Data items
----------------
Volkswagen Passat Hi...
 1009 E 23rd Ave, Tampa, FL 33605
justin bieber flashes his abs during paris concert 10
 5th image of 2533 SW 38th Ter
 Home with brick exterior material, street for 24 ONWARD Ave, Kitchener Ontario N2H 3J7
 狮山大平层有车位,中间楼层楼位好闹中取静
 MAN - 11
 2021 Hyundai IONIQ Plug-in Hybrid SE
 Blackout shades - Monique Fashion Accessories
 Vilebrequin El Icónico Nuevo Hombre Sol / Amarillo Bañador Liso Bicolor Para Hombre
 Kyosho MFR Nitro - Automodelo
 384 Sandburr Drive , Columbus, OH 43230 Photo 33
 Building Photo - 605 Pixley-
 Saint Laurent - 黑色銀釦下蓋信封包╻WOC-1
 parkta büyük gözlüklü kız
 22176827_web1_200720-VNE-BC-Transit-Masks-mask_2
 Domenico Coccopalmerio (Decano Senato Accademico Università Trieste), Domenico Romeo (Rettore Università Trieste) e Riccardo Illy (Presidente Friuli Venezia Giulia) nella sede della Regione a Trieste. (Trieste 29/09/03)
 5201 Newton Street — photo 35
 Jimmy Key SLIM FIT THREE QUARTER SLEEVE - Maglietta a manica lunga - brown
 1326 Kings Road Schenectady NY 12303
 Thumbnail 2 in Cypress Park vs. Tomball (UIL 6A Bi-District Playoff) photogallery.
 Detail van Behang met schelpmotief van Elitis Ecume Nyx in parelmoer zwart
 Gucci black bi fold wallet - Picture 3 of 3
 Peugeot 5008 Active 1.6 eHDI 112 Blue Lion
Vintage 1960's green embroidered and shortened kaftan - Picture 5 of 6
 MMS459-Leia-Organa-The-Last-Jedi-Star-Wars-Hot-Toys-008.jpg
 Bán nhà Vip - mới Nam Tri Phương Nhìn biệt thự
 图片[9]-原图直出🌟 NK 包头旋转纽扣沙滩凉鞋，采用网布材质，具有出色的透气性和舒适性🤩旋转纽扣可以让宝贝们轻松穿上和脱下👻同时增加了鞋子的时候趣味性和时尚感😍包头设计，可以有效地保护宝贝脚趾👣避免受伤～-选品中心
----------------
■ **Exercise**: Search the entries for the word "Picture" and gather every line where it appears.

■ **Answer area**:
 Gucci black bi fold wallet - Picture 3 of 3
Vintage 1960's green embroidered and shortened kaftan - Picture 5 of 6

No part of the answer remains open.